Chapter 81: Tomorrow
update icon Updated at 2026/7/1 0:30:03

Time flew, and night dropped like a velvet curtain. After an afternoon of rest and the food Lingxiao and Lingsaki brought, I’ve relit most of my embers.

As for the ninth floor, I chose tomorrow, a gate waiting at dawn. I need deep sleep, seeds of calm before the trial’s wind. And after years apart, we only reunited yesterday; our words are a river, and I owe them tea-warm time.

I spent years sealed in the Daynight Sanctuary, inheriting the Dual Daynight Tomes, a walled garden lovely yet stifling. Days like those grind like millstones, slow and dull.

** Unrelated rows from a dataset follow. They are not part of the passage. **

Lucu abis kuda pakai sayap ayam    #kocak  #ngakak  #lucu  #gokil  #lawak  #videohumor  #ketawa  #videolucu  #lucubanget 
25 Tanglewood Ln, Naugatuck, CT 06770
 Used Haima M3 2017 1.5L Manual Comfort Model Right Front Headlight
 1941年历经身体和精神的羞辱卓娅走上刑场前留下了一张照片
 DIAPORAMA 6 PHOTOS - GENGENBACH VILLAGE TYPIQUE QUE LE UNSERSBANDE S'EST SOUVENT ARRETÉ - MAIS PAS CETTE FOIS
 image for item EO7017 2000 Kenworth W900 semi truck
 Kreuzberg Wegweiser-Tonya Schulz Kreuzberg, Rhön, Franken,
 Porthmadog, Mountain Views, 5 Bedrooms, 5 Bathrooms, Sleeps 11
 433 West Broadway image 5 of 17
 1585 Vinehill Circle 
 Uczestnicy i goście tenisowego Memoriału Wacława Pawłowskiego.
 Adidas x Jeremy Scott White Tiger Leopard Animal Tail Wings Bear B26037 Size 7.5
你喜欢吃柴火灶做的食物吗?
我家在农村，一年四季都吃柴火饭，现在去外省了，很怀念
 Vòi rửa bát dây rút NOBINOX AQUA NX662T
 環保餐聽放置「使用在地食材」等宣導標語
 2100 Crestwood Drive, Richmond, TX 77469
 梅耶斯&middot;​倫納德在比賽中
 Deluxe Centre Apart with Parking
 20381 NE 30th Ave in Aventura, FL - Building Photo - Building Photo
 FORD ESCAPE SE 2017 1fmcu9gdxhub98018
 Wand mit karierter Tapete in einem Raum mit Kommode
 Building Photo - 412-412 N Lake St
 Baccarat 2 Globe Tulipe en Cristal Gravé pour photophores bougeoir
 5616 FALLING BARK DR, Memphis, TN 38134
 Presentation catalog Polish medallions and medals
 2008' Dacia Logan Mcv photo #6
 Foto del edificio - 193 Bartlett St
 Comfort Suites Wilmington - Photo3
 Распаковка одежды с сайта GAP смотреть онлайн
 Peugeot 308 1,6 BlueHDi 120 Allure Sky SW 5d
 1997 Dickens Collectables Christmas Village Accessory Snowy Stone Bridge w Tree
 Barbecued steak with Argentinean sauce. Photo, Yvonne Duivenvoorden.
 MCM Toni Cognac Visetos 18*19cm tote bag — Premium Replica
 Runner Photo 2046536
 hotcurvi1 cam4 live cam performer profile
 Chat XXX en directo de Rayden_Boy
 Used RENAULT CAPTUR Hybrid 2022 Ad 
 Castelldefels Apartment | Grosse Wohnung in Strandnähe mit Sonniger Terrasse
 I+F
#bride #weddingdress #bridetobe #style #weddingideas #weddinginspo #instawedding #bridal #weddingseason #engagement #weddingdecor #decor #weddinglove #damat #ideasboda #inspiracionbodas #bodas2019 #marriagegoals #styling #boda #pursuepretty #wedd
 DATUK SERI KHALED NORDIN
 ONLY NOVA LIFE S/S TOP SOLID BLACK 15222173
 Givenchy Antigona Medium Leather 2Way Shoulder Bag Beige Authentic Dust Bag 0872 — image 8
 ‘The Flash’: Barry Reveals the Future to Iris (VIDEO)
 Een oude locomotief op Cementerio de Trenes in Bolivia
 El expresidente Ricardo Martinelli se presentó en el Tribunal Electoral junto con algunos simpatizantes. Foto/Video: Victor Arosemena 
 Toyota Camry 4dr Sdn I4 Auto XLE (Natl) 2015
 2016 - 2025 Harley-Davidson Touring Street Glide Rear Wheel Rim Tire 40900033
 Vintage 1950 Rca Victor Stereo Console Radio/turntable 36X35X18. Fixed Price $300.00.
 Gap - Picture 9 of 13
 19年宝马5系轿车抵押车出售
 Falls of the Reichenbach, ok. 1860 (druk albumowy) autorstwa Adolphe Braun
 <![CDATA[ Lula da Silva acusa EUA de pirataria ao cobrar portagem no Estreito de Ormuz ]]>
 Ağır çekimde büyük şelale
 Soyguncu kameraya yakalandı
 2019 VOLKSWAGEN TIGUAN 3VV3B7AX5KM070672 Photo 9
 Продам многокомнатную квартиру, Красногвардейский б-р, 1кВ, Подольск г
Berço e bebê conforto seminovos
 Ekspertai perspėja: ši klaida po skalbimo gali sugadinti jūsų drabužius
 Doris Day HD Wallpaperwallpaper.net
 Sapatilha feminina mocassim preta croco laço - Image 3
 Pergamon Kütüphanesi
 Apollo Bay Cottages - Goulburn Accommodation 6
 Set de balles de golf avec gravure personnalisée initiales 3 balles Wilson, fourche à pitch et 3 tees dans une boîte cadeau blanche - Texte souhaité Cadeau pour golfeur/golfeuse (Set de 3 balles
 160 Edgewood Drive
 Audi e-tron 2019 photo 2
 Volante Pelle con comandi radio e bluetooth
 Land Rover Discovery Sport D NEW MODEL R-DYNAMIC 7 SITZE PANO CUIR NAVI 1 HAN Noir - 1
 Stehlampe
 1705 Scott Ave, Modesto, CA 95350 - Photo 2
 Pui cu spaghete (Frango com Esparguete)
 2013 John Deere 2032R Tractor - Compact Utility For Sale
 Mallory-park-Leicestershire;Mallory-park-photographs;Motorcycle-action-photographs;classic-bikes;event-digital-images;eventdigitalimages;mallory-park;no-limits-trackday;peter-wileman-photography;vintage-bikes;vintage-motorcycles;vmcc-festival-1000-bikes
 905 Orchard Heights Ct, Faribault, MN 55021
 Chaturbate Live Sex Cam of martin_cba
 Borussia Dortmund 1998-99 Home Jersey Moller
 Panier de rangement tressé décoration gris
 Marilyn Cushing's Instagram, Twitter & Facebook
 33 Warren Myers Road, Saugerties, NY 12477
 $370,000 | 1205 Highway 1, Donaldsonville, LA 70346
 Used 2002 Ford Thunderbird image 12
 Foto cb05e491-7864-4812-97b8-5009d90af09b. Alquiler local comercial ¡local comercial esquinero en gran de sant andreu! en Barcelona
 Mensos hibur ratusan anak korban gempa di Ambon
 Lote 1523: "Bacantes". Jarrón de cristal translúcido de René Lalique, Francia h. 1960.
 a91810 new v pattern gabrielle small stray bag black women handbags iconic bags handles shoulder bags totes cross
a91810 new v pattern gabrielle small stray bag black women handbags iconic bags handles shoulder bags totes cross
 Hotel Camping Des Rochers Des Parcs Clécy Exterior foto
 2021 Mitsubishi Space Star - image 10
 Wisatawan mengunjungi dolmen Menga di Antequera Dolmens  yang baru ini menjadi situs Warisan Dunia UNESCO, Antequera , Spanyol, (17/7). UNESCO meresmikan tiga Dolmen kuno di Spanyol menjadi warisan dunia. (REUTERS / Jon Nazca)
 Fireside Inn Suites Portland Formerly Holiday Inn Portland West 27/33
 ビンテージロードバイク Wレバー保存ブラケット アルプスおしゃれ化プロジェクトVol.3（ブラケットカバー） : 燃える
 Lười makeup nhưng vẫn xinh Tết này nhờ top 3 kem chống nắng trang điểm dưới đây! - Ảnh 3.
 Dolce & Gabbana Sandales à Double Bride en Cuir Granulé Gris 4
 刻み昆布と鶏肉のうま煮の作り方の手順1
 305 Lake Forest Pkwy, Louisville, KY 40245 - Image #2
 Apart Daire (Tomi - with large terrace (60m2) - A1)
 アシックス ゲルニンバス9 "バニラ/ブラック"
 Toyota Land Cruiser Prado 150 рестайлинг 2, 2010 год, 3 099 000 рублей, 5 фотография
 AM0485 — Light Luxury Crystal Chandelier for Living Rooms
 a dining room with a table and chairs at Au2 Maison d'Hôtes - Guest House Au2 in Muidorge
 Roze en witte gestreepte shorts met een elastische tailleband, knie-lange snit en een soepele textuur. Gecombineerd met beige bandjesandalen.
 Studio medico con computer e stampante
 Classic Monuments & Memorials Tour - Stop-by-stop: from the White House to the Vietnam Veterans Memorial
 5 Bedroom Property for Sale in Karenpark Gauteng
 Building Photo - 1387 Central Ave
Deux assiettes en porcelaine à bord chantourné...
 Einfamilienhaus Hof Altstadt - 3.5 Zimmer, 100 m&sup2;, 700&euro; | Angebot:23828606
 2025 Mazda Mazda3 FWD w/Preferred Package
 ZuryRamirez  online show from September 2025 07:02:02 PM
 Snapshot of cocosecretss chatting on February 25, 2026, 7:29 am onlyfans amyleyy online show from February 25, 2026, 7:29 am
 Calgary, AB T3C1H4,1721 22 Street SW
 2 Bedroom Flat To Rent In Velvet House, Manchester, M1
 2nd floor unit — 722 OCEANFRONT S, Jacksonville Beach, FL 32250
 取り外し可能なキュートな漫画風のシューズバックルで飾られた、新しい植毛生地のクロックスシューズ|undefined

For me, years in one place feel like a cage of still air; in a short life, how many “good years” can you lock behind one door?

Humans aren’t like the God-folk, Demon clans, or the Elven Kind, whose years grow like old pines. Our span is a mayfly skimming a stream; even if you climb to the Divine Realm, even to the Overdeity Level, the hourglass barely slows.

“Dear big brother, what are you thinking?” Lingxiao asked, her voice a soft bell under eaves.

We lay on plush, tender grass, three leaves under the stars. Above, lanterns of fire dusted the dark. In the Nine Cold Labyrinth, the night shines brighter than outside; the Milky Way stitched slender silver between a hundred worlds. No painter alive could net this shimmer, and even the Central Continent can’t quite rival this ink-wash of light.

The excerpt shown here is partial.